If the machines manage to take over, it'll be because they manage to evolve this fractal competition within them, in which case they'll just replicate human foibles at the lower levels. (Won't somebody think of the poor software libraries, replaced by a shifting package.json?) If they don't evolve this, they will themselves remain tools, subject to replacement at the whim of their human masters.

That was a really insightful take on evolution, thank you.

Mars an absolute bloodbath? Whatever's going on @ Mars is going to be child's play compared to what'll be going on @ the vastly overpopulated and increasingly uninhabitable Earth we neglected while entertaining ourselves with diversions like Mars.

Earth has been in a continuous state of a global war in stasis for longer than I've been alive. The fire under that pressure cooker isn't diminishing as far as I can tell.

You seriously think that Mars will escape that? That the overpopulated proles on increasingly uninhabitable Earth will silently watch as constant resupply launches head for Mars? I think there have been a selection of movies along those lines. :)

If it's going to be child's play, how come none of the attempts to achieve an ongoing sealed biome have been successful? Nearest so far was the Soviets in the seventies during their lunar programme.

I'd expect a tiny population at a precarious outpost to be far more measured and disciplined in terms of their growth and resource consumption than anything we see on Earth.

What I was referring to re: "Child's play" was the nature of a worst-case scenario conflict @ early stage Mars in comparison to late stage Earth. Nothing whatsoever related to how challenging it is to sustain life there in the long-term. I fully expect it to fail, I just don't expect it will be anything I'd describe as a "blood bath".

Back on Earth with the many millions of people established and living on dwindling resources and vanishing coasts, that's going to be a blood bath.

I don't understand how leaving the planet is a solution. If people can live on mars then they can also live on a polluted earth.

It's not "leaving the planet". It's spreading out our foothold (as a species), so if something catastrophic happens we don't become extinct as easily.

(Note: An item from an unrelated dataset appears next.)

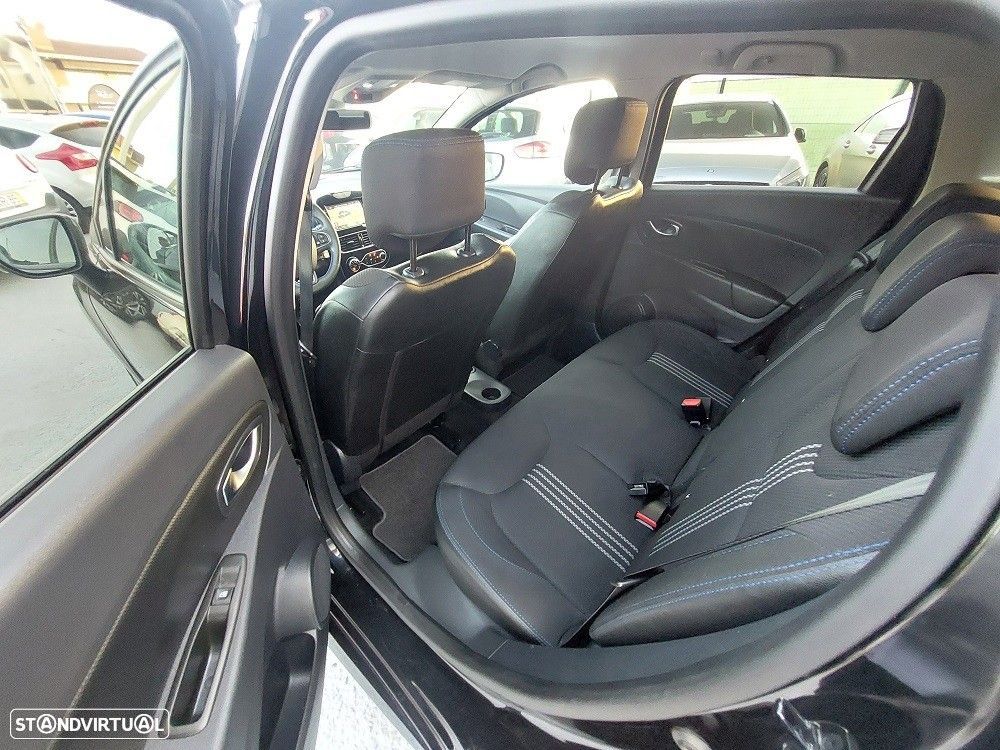 Renault Clio Sport Tourer 1.5 dCi GT Line - 21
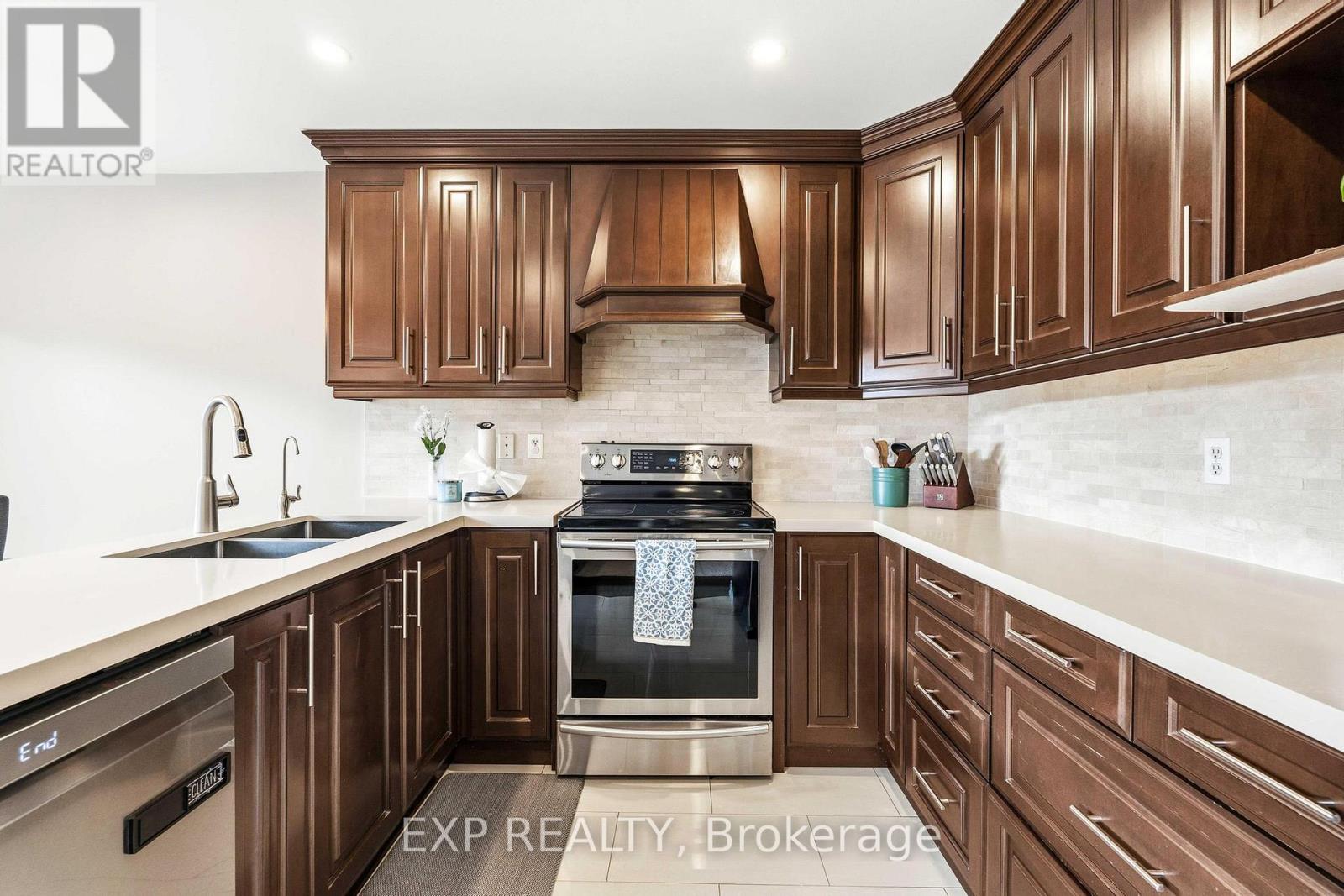 3125 Caulfield Crescent, Mississauga, Ontario  L5M 6J8 - Photo 10 - W12903574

eg increasing the resilience of our species

Honestly, that seems like a fool's errand. We would have to find a planet capable of supporting us stably (the "class M planet" archetype), which is likely to be nearly impossible given the size of the visible universe, how little of it we will ever be able to reach with subluminal technology and limited time and resources, and how hostile the universe seems in general. Our relationship with our environment is delicate and finely-tuned over millions of years of evolution, and we can't just hope to blindly stumble across a planet with a breathable atmosphere, hospitable climate and either no ecosystem, or an ecosystem which won't collapse with our introduction, and hope for the best.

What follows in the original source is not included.